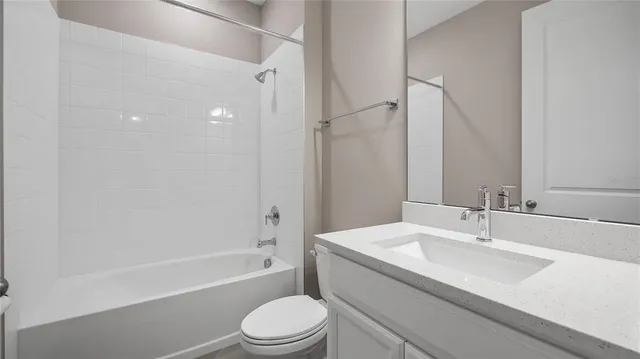 a bathroom with a sink a toilet and a bathtub
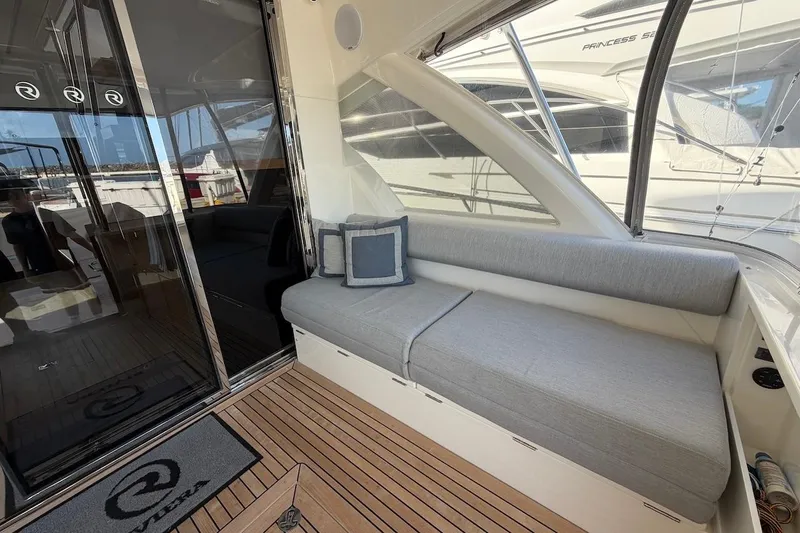  Yacht Photos Pics 2021 Riviera 50 Sports Motor Yacht interior with sleek seating and modern design.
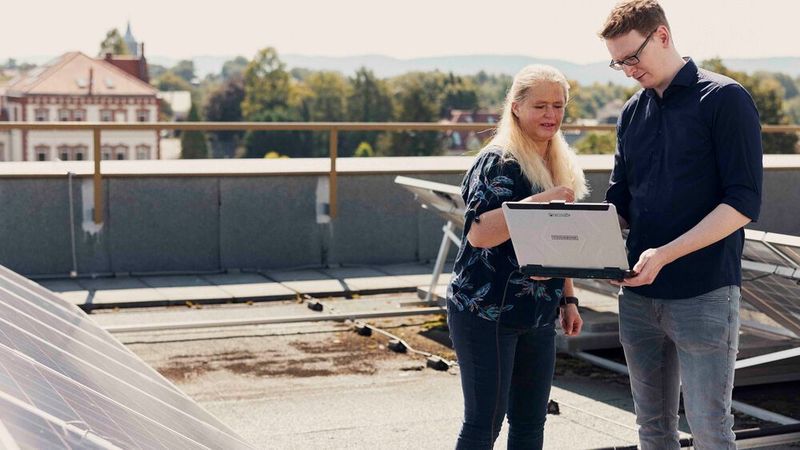 Grit Behrens (links) und Felix Meyer messen Kennlinien an der Photovoltaikanlage auf dem Dach des Gebäudes D auf dem Campus Minden der FH Bielefeld.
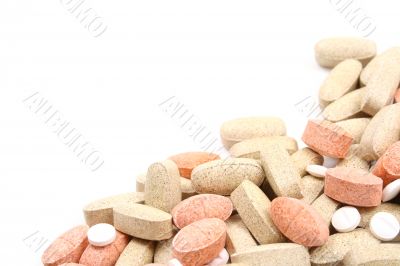 pile of various pills isolated on white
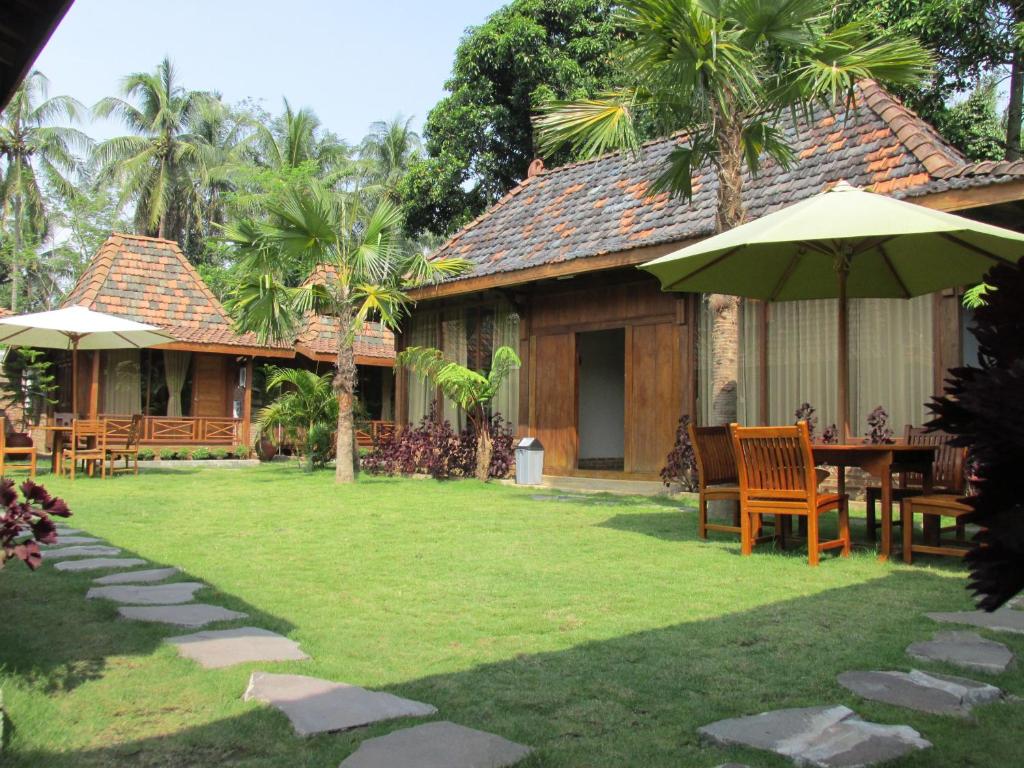 a house with tables and umbrellas in a yard at Cempaka Villa in Borobudur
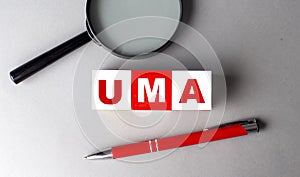 UMA word on wooden cubes with pen and magnifier photo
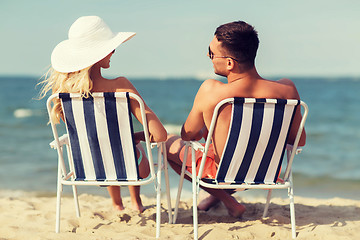 Image showing happy couple sunbathing in chairs on summer beach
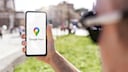 Person hält Smartphone mit Google Maps in der Hand.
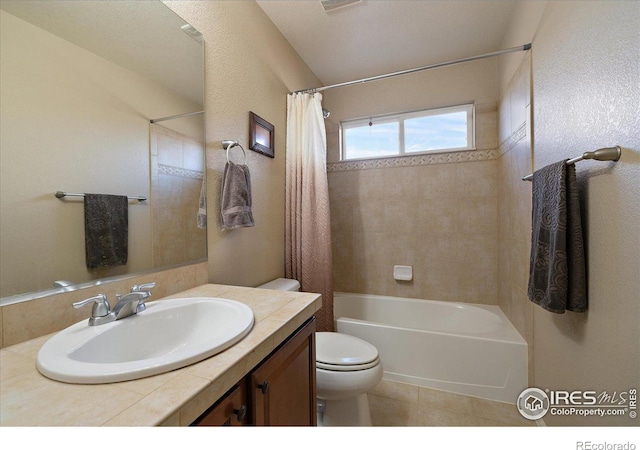 full bathroom with vanity, shower / bath combo, and toilet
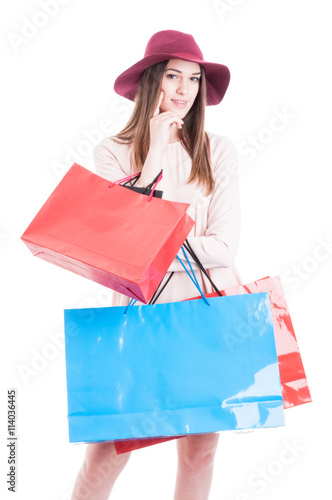 Attractive young female holding many shopping bags and smiling
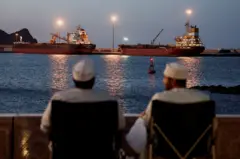 Dos buques cisterna permanecen anclados el 9 de marzo de 2026. En primer plano, dos hombres con túnicas blancas están sentados en sillas, contemplando el canal y los barcos.
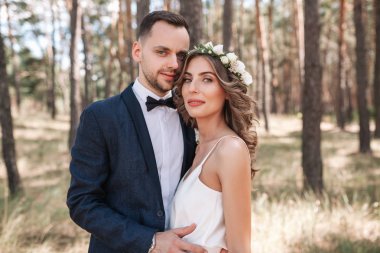 Gelin ve damat gün açık havada yaz doğa üzerinde yürüme düğününde. Gelin Çift, mutlu yeni evli kadın ve yeşil park kucaklayan adam. Sevgi dolu evlilik çift açık.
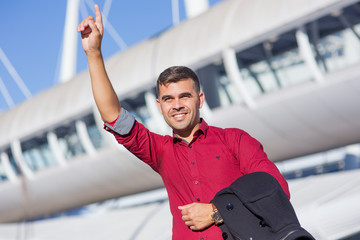Portrait of positive businessman hailing cab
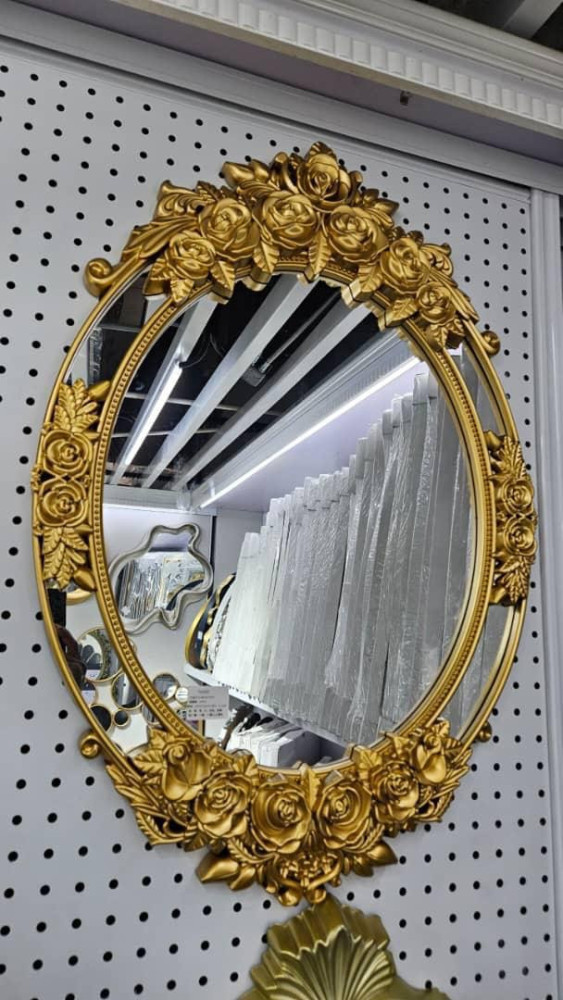 Decorative Oval wall Mirror with a Gold-coloured, ornate, floral-patterned frame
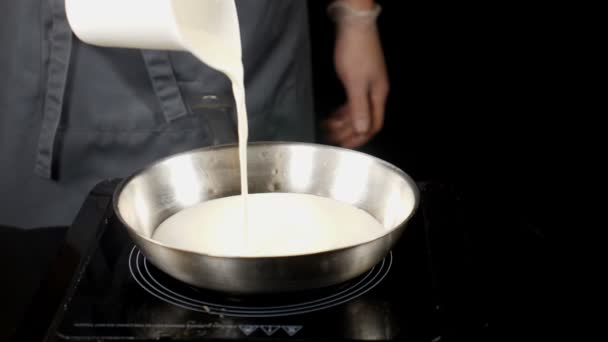 Concept des professionnels au travail. concept gastronomique. Faire cuire dans des gants en versant la crème dans la poêle à frire la sauce à la crème au ralenti. hd — Video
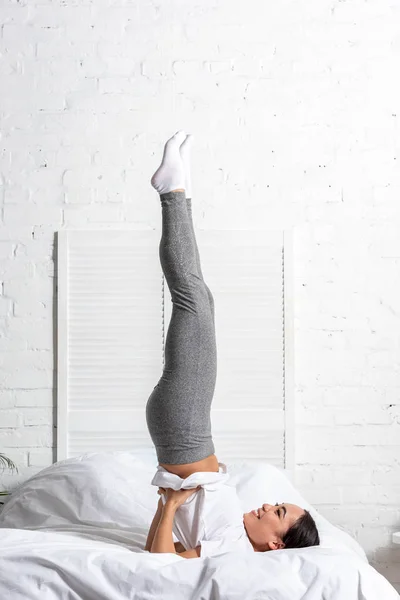 Ásia mulher no branco t-shirt e cinza leggings fazendo ombro stand pose exercício no cama — Fotografia de Stock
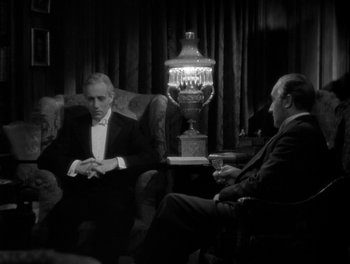 Movie still from “Smilin' Through” (1932), directed by Sidney Franklin – Two men in suits sitting in a living room next to each other; Medium shot, High angle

####

- **Assignment**
When you copy the entries above, keep every word exactly and omit the images.

- **Written answer**
 a bathroom with a sink a toilet and a bathtub
  Yacht Photos Pics 2021 Riviera 50 Sports Motor Yacht interior with sleek seating and modern design.
 Grit Behrens (links) und Felix Meyer messen Kennlinien an der Photovoltaikanlage auf dem Dach des Gebäudes D auf dem Campus Minden der FH Bielefeld.
 pile of various pills isolated on white
 a house with tables and umbrellas in a yard at Cempaka Villa in Borobudur
 UMA word on wooden cubes with pen and magnifier photo
 Image showing happy couple sunbathing in chairs on summer beach
 Person hält Smartphone mit Google Maps in der Hand.
 full bathroom with vanity, shower / bath combo, and toilet
 Attractive young female holding many shopping bags and smiling
 Dos buques cisterna permanecen anclados el 9 de marzo de 2026. En primer plano, dos hombres con túnicas blancas están sentados en sillas, contemplando el canal y los barcos.
 Gelin ve damat gün açık havada yaz doğa üzerinde yürüme düğününde. Gelin Çift, mutlu yeni evli kadın ve yeşil park kucaklayan adam. Sevgi dolu evlilik çift açık.
Portrait of positive businessman hailing cab
 Decorative Oval wall Mirror with a Gold-coloured, ornate, floral-patterned frame
 Concept des professionnels au travail. concept gastronomique. Faire cuire dans des gants en versant la crème dans la poêle à frire la sauce à la crème au ralenti. hd — Video
 Ásia mulher no branco t-shirt e cinza leggings fazendo ombro stand pose exercício no cama — Fotografia de Stock
 Movie still from “Smilin' Through” (1932), directed by Sidney Franklin – Two men in suits sitting in a living room next to each other; Medium shot, High angle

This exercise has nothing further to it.